Non del tutto, ieri in alcuni centri al sud, c’è stata un po’ di distribuzione. Ma noi siamo distanti circa 30 chilometri, le persone non riescono a raggiungerli, le strade non sono sicure e non ci sono soldi per pagare trasporti. Prima della guerra la situazione era già critica, ma perlomeno funzionavano tanti centri dell’Onu o di Ong internazionali. Noi stessi riuscivamo ad aiutare decine di migliaia di persone. Ora è difficilissimo, ogni giorno siamo costretti a razionare di più rispetto al giorno precedente.
Purtroppo, non riusciamo a ricevere neanche gli aiuti predisposti dal Patriarca Latino di Gerusalemme, il cardinal Pizzaballa, da oltre tre mesi. Noi fin dall’inizio della guerra aiutiamo decine di migliaia di individui compresi gli oltre 500 rifugiati che vivono con noi, nei locali della nostra chiesa. Ma se gli aiuti non passano, saremo costretti a interrompere.
Ormai in molte zone si fa la fame.
Purtroppo sì. Tenga presente che qui da noi già prima, la produzione interna di generi alimentari era scarsa, ora i beni di prima necessità stanno divenendo beni di lusso: un chilo di zucchero costa 50 dollari, uno di farina 40/50 dollari. Non ci sono più soldi e la gente è ritornata al metodo del baratto: mezzo chilogrammo di riso in cambio di melanzane o zucchine che vengono coltivate in piccolissimi appezzamenti di terreno risparmiati dai bombardamenti.
Poi c’è il problema del trauma che la violenza ha creato nella vita quotidiana di tutti: quella musica che sentiva all’inizio della telefonata, proveniva da uno stereo che avevo acceso per fare ballare i bambini i quali ormai vivono in una condizione surreale permanente. A volte se sentono i bombardamenti vanno a nascondersi e poi riescono subito, ma altre, continuano a giocare come se niente fosse. Noi stessi ieri, per farle un esempio, eravamo in chiesa per una funzione e abbiamo sentito un boato forte: nessuno di noi ha pensato di andarsene, abbiamo continuato quello che stavamo facendo.
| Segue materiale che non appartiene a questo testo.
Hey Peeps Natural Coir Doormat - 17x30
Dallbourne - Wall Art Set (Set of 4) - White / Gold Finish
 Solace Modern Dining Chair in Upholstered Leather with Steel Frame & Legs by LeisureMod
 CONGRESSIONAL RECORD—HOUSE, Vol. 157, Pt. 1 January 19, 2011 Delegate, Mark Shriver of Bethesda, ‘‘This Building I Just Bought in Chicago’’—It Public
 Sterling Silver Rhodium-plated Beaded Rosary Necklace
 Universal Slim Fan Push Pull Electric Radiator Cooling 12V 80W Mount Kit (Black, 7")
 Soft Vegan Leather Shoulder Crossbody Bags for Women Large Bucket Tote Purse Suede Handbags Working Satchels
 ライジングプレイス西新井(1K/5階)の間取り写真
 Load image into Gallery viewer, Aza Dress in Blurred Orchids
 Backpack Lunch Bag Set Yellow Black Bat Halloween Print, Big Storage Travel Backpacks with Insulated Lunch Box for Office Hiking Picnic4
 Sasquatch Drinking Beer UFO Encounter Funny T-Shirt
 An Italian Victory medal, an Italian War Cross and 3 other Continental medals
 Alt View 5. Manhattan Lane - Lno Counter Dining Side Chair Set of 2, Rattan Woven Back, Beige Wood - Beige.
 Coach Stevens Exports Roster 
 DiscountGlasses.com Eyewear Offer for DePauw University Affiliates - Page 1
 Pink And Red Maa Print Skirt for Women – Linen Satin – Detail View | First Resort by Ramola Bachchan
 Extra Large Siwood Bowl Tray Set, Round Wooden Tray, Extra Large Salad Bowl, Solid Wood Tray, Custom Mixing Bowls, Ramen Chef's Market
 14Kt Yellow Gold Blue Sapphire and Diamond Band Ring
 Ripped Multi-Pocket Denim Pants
La Chiesa cattolica è stata tra le poche realtà globali a far sentire la propria voce in difesa della popolazione civile, a chiedere ripetutamente la cessazione dei combattimenti e a condannare le stragi...
La gente ha percepito una vicinanza. Come è noto Francesco ogni mattina alle 7 mi telefonava per avere notizie e in corrispondenza facevamo suonare le campane, era l’“Ora del papa” e tutti sapevano e si sentivano compresi, a prescindere da fede o appartenenza.
La chiesa ha sempre avuto una posizione chiara, ha condannato le violenze di ambo le parti e invoca l’ingresso degli aiuti umanitari. Nonostante tutto, non abbiamo abbandonato la speranza, non ci sono guerre eterne. Per il bene di tutti, di Israele e Palestina, prima si ferma questa assurdità e più sarà facile guarire le immense ferite.